Everything in the records below goes into the copy exactly, except the pictures.

Recorded information Block Start

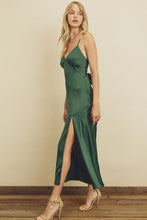 Chelsea Midi Dress-Green
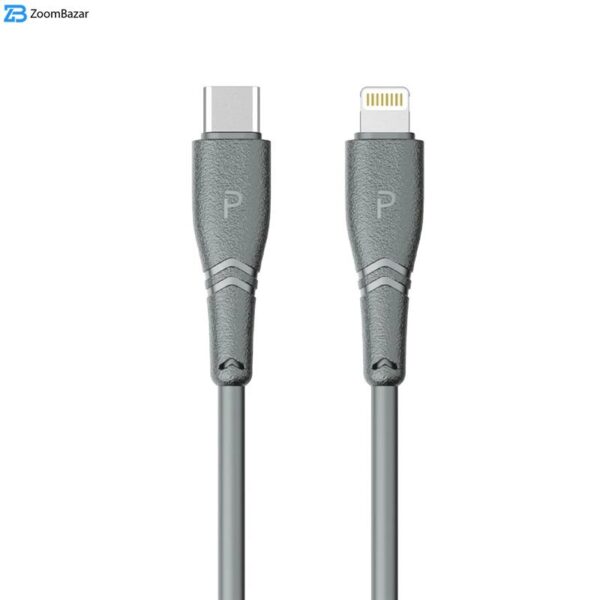 کابل USB-C به لایتنینگ پاوا مدل Quick Charging PW-12PVC27CL طول 1.2 متر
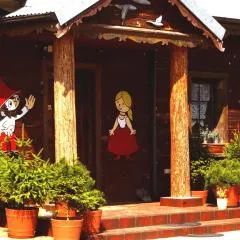 Dworek na Końcu Świata nad Biebrzą na Podlasiu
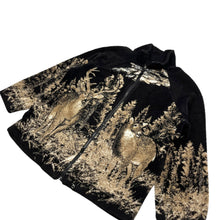 Load image into Gallery viewer, Outdoor Scene All Over Print Fleece Jacket - Size XXL
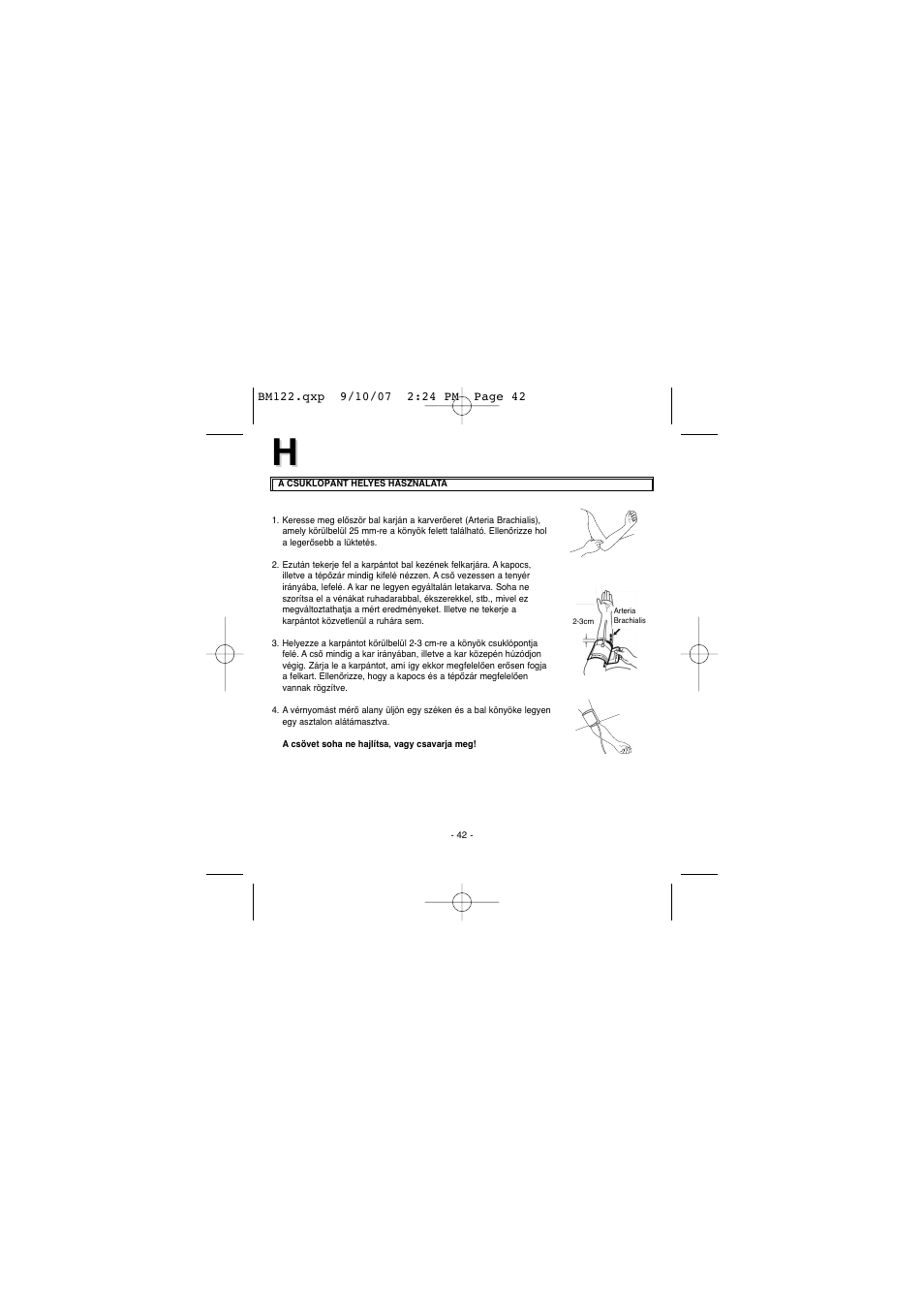 Elta BM122 User Manual | Page 42 / 181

Recorded information Block End

Answer to this task -
 Chelsea Midi Dress-Green
 کابل USB-C به لایتنینگ پاوا مدل Quick Charging PW-12PVC27CL طول 1.2 متر
 Dworek na Końcu Świata nad Biebrzą na Podlasiu
 Load image into Gallery viewer, Outdoor Scene All Over Print Fleece Jacket - Size XXL
 Elta BM122 User Manual | Page 42 / 181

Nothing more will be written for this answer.